This game was created as an autobiography of the game’s creator, Nicky Case. It’s a simple flash game that people can play on their internet browsers.

Early on in his propagandizing of the game, Donnel apologizes for his white/straight/male “privilege”:

“Being white, straight and male aligns me with the majority, and I'll admit that I've not always been the most sensitive to how the world might be for others. Coming out is a concept I've never been familiar with, because I've never had to be. But one game changed that, and helped cement my rejection of the casual homophobia among which I grew up.”

Later, he says he was a victim of his upbringing and enviroment:

“…I'll admit that I identified with the parents' mentality at first – largely thanks to the surroundings in which I was brought up. I live in Glasgow, Scotland, and for years I worked as a plumber and gasfitter in a very traditionalist and at times grossly narrow-minded environment where the LGBT community wasn't exactly well-represented. Although Glasgow actually enjoys a thriving gay scene compared to other areas of the country, religion is a central tenet of day-to-day life in Scotland's largest city, and so it's perhaps of little surprise that homophobia is pretty rife in certain circles.”

Case and Donnel take on "traditionalists":

“Highlighting the universal relevance of coming out helped me understand the magnitude of the process. Traditionalist attitudes exist all of the world – Case speaks of his Singaporean heritage as a culture which generally struggles to accept homosexuality – but by relating the scenarios to our own lives, or at the very least being shown how these situations can and do play out, we become better able to comprehend their gravity.”

“Case also talks about his personal struggles in overcoming his own internalised homophobia, and the shame surrounding it. It's simple for me to just think of everyone who genuinely hates gay people as a bigoted [jerk], but there are people out there who feel entirely justified about it.”

"Art," like this video game, is an ideal medium to effect social change, Donnel says. He even invokes the name of Vice President Joe Biden and the "Will and Grace" television show:

"As for improving people's perceptions of LGBTQ folk, I think art really is the best way to go," he says. "I know that sounds super-fluffy [but] while education and science can help at the logical level, only art can reach us at the emotional level."

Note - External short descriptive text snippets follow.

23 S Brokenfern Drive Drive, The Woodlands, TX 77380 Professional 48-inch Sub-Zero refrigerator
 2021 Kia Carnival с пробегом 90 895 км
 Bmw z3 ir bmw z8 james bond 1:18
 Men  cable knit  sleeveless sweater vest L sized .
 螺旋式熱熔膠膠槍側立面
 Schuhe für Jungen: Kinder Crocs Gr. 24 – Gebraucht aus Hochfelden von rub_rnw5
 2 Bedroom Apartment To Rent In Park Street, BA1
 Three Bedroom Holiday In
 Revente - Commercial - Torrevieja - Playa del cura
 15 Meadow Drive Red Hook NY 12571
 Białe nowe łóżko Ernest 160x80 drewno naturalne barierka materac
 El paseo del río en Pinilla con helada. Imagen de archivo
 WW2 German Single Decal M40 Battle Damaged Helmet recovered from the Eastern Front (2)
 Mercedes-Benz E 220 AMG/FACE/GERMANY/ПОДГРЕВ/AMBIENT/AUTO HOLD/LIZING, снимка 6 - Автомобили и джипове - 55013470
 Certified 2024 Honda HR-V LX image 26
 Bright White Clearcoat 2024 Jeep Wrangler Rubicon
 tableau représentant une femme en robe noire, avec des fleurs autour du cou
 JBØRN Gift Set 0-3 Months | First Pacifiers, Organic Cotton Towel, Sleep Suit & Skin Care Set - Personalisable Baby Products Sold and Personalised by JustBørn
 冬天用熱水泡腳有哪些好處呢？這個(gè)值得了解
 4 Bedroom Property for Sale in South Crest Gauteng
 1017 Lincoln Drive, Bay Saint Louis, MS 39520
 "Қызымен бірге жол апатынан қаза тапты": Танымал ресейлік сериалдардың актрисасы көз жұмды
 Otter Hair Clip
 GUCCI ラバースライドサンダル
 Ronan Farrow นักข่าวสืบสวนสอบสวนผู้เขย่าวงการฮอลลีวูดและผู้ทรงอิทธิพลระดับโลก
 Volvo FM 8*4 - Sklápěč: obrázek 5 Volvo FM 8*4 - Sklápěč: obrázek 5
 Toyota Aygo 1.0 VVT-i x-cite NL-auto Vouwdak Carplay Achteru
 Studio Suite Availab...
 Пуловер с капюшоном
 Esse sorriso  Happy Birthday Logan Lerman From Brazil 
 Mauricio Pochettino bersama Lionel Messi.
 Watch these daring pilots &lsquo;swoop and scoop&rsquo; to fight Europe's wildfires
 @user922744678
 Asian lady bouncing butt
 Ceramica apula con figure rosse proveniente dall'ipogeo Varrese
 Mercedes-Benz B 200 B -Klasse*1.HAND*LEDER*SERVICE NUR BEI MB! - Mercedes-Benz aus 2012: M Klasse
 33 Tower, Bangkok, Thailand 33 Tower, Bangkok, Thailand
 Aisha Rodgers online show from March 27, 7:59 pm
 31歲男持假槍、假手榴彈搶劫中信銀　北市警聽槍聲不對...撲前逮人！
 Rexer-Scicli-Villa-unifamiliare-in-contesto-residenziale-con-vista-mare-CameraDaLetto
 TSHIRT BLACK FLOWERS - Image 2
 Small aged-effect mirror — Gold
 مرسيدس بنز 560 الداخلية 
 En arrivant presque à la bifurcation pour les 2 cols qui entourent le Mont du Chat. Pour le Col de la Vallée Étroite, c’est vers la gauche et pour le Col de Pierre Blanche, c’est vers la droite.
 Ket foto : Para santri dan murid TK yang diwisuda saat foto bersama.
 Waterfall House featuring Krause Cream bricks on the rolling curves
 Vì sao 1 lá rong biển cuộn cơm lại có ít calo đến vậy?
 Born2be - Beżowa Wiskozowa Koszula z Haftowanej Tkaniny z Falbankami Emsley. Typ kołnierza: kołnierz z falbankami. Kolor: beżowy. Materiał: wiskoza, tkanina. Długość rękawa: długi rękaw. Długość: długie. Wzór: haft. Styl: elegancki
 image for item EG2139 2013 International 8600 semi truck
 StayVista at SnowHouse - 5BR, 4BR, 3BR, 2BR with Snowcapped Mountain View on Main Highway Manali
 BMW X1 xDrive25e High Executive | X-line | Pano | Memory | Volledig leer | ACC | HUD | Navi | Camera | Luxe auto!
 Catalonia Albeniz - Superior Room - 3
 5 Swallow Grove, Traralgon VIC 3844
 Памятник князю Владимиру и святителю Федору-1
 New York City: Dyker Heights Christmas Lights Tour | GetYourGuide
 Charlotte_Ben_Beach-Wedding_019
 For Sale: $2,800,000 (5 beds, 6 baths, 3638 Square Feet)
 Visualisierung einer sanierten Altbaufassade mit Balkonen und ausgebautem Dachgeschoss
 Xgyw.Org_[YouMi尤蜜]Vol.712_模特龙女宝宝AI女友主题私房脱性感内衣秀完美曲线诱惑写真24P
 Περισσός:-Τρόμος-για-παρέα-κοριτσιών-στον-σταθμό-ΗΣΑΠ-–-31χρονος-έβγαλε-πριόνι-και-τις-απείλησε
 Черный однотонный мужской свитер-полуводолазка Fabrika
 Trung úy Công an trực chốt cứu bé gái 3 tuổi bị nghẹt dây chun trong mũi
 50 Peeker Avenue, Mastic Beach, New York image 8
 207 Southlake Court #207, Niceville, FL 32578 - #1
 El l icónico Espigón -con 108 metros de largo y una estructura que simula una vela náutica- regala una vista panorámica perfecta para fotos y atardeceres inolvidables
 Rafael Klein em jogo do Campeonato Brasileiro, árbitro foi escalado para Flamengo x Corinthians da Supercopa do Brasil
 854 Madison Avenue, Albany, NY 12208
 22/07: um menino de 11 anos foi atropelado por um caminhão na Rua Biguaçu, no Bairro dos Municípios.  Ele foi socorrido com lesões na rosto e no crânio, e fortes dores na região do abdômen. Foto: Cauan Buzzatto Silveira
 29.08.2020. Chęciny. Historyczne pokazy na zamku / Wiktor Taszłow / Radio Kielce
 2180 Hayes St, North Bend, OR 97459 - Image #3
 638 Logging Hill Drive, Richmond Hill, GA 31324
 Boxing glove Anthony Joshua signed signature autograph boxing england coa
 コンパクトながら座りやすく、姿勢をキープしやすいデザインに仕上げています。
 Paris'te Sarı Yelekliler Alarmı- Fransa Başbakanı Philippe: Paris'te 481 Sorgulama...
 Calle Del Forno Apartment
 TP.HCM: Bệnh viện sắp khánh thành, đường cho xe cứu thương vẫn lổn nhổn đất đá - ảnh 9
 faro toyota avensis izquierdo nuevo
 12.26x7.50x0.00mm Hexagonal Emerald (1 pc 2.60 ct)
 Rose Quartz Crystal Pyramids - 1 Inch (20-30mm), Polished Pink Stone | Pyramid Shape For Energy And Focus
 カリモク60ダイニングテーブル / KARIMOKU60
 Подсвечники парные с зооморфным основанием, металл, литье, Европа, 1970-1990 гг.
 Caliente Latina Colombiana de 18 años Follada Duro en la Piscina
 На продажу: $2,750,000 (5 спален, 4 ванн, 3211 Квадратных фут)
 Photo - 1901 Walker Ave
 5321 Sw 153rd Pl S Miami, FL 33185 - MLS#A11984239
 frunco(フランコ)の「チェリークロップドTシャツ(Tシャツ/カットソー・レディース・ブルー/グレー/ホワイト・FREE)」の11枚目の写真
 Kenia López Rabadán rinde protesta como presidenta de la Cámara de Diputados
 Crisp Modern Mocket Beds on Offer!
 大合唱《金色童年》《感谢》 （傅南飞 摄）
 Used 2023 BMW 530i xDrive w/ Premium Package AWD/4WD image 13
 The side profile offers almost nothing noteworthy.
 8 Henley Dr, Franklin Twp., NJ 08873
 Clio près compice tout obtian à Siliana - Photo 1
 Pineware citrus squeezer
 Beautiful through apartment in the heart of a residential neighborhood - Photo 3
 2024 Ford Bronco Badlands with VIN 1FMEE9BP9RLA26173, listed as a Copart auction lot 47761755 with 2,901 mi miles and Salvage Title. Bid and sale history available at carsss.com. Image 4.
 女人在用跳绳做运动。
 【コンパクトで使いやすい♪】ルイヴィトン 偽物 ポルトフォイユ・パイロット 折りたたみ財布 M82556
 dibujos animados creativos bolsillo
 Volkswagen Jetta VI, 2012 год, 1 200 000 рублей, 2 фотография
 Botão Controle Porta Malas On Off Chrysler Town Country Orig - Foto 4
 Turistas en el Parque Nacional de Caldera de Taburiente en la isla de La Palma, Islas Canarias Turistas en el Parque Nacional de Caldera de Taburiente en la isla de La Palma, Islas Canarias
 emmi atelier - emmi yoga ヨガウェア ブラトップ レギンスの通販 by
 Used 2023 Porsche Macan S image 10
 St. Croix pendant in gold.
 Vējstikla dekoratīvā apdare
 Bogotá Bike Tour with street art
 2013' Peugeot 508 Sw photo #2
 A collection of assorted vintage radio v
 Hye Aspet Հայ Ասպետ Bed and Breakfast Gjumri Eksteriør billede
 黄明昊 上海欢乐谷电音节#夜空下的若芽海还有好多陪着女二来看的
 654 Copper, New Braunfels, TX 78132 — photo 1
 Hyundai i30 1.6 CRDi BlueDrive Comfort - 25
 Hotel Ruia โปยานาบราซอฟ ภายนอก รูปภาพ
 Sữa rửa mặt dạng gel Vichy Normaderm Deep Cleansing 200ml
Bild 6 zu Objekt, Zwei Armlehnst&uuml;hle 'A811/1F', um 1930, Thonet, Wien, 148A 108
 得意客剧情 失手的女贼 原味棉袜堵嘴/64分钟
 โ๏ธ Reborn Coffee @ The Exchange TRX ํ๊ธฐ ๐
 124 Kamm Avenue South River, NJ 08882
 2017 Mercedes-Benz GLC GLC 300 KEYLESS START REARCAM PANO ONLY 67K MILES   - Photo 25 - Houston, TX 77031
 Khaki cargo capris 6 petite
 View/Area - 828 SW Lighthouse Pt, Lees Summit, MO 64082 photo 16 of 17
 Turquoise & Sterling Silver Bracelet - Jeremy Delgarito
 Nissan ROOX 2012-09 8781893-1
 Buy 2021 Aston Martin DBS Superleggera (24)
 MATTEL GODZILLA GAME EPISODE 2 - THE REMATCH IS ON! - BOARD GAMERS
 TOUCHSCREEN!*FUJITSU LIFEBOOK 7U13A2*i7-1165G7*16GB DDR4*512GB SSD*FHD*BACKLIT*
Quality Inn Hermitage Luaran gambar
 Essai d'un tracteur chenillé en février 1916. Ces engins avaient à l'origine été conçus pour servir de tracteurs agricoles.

"Take for example, the television show Will & Grace. Joe Biden once said that Will and Grace 'probably did more to educate the American public on LGBT issues than almost anything anybody has ever done so far.' Art can help reduce feelings of disgust by normalising it; or increase feelings of disgust by making it seem alien and other. Again, evoking/removing disgust can be either good or bad."

Games can drive discussion, Case says:

“’Most media is a monologue,’ adds Case. ‘Games can be a dialogue.’”

All in all, this game is meant to connect with homosexuals and leave the “boring” straight people “enlightened.”